## Work instruction:
All of the data is to be printed exactly, though the images must be left off.

## Data for analysis:
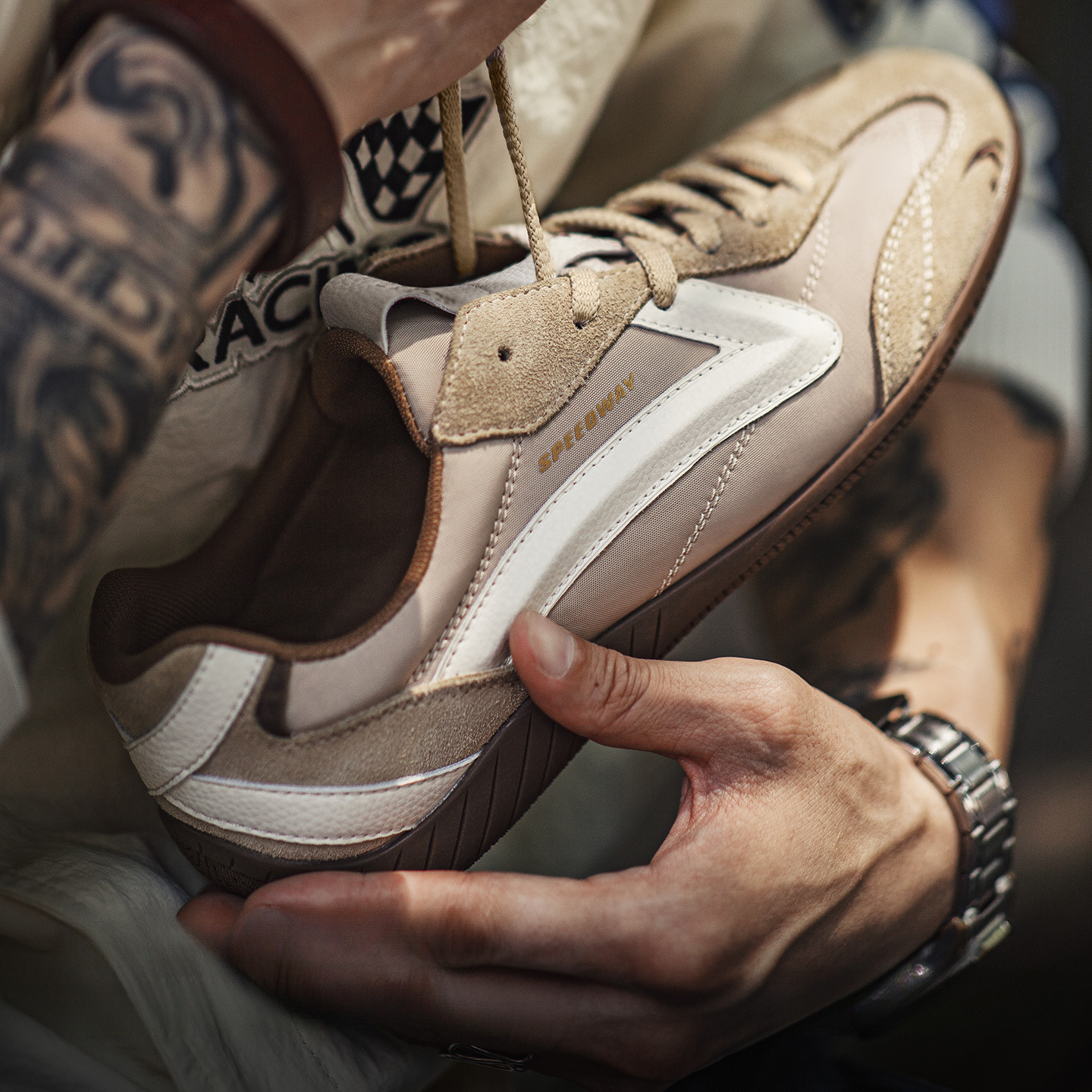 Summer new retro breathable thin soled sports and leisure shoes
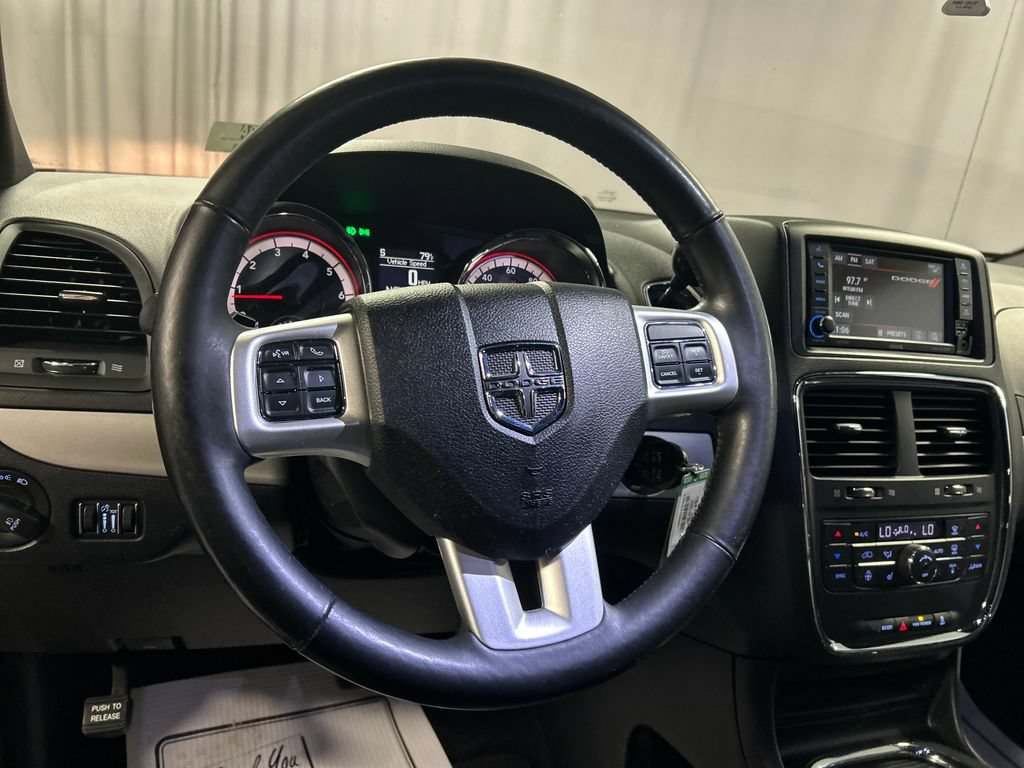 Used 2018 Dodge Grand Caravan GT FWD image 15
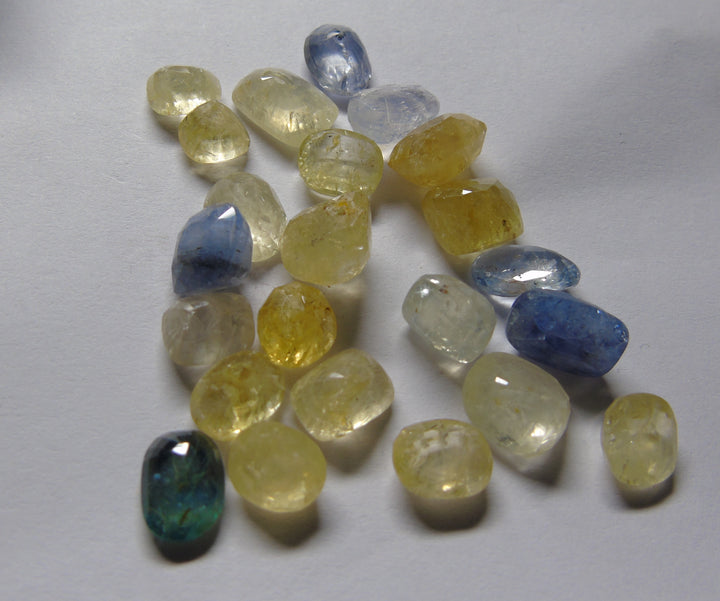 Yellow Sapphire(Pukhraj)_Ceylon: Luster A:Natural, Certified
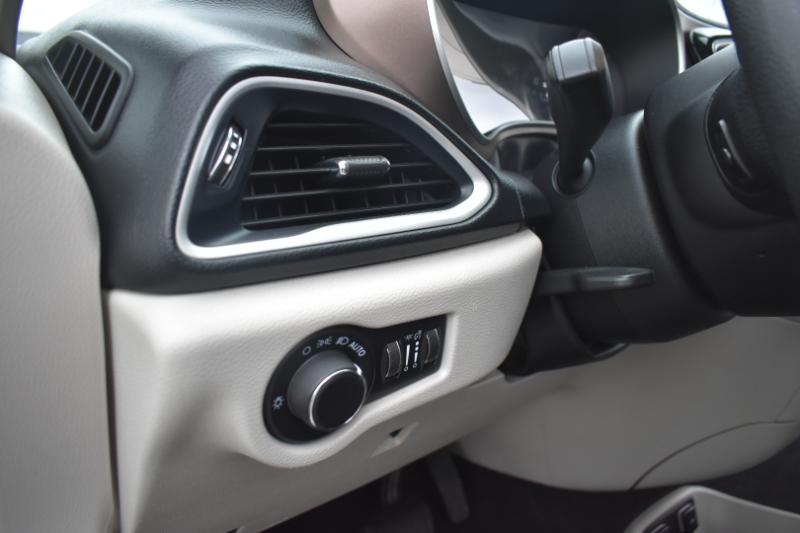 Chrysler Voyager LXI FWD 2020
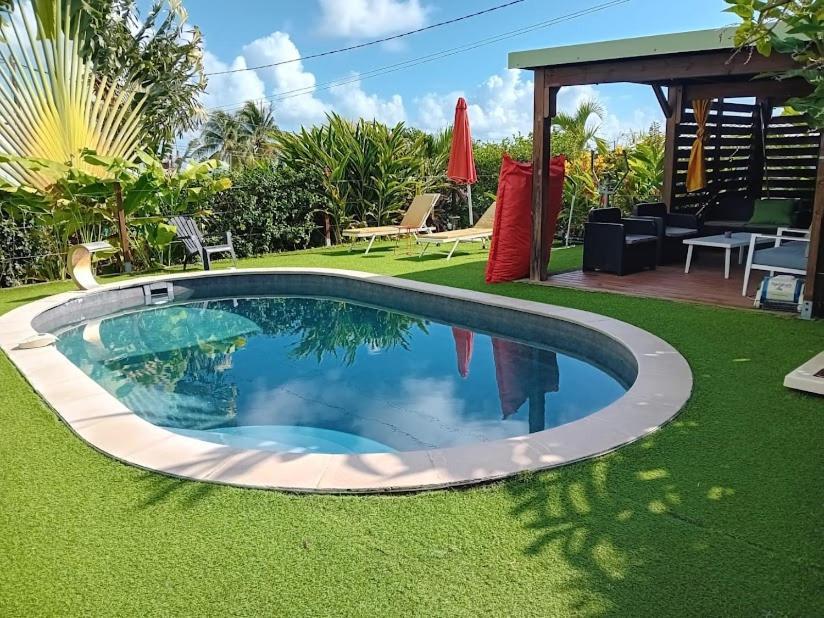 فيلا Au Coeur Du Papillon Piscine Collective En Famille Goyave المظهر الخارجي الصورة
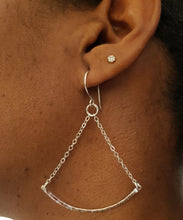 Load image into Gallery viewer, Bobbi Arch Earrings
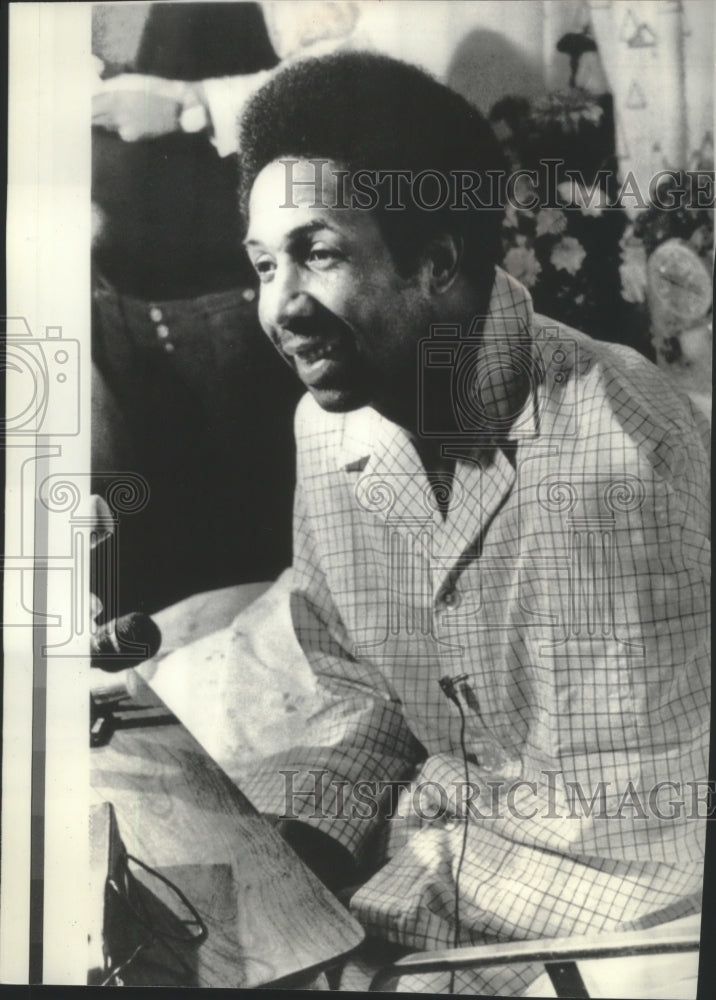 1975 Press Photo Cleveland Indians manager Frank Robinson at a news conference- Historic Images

## Exercise output:
 Summer new retro breathable thin soled sports and leisure shoes
 Used 2018 Dodge Grand Caravan GT FWD image 15
 Yellow Sapphire(Pukhraj)_Ceylon: Luster A:Natural, Certified
 Chrysler Voyager LXI FWD 2020
 فيلا Au Coeur Du Papillon Piscine Collective En Famille Goyave المظهر الخارجي الصورة
 Load image into Gallery viewer, Bobbi Arch Earrings
 1975 Press Photo Cleveland Indians manager Frank Robinson at a news conference- Historic Images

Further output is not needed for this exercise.